The iPhone has a keyboard, but it’s easy to make mistakes with it. I have small hands, but apparently I have fat fingertips. I frequently get the letter one over from the one I want and have to use the backup “key” to correct it.

I used to wonder how folks making jokes about the auto-complete (not the auto-correct) could possibly have been the victims of such seemingly random substitutions by their “smart” phones. That was until I noticed that my iPhone has a bar above the message area that provides suggested completions for words I’m typing. As I key in more letters, the suggestions change, presumably getting more refined.

There’s probably some algorithm for words used most often by frequent texters. The iPhone gives you three choices it deems most common, supposedly based on the letters keyed thus far. Clearly their frequent texters have a different vocabulary than I do. I’m usually down to my last letter before the word I’m keying in shows up in the choices, if at all. That makes the auto-complete feature a distraction for me. It also causes me to send some messages as strange as the ones I used to scoff at.

Here’s another thing I don’t like about the iPhone texting setup. The “send” button is on the upper right. That’s where the correction button is on the dialing keyboard. More than once I meant to correct something in an incomplete message, but sent it instead, generating a “Huh?” reply from the recipient. To which I texted back: “Premature ejaculation.”

One use I’ve discovered for texting that has led to my nascent love affair with it came to me a few days ago. I was in a meeting that seemed like it would drag on forever. The committee chair got up and slipped out quietly. His presence had been an especially calming factor for me. I texted him after a few minutes, asking if he was coming back. (He was not.) We then exchanged several messages, a welcome distraction for me.

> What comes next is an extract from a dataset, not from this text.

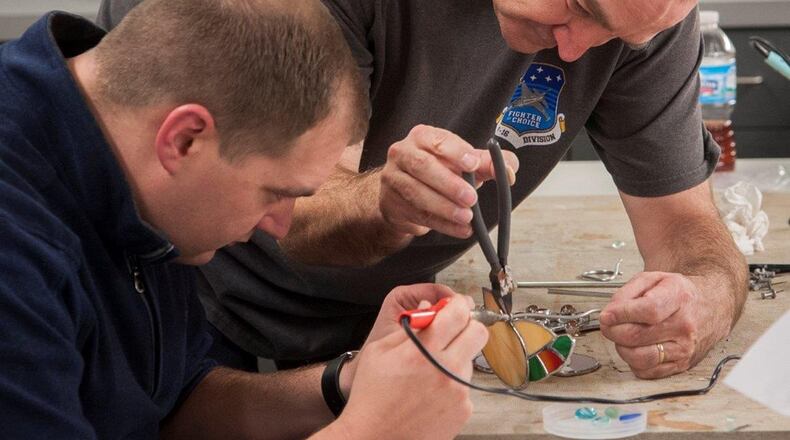 Participants take part in a stained-glass workshop at the Consolidated Hobby Complex on Wright-Patterson Air Force Base. A special holiday project themed class is scheduled for Dec. 9 from 10 a.m. to 3 p.m. Class participants will be able to choose from a variety of projects. (U.S. Air Force photo/Jim Varhegyi)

I bought a texting stick at one of those dollar stores. It’s useful for keying in longer messages. I keep it on a table in our family room, so I didn’t have it with me in that meeting. I can see that the texting stick is going to be like my reading glasses. I’ll stash one in every room and in my purse and in my briefcase. That won’t fix all of the things I find annoying about texting, but it will help. I just have to accept that this is going to be a love-hate affair. I can live with that.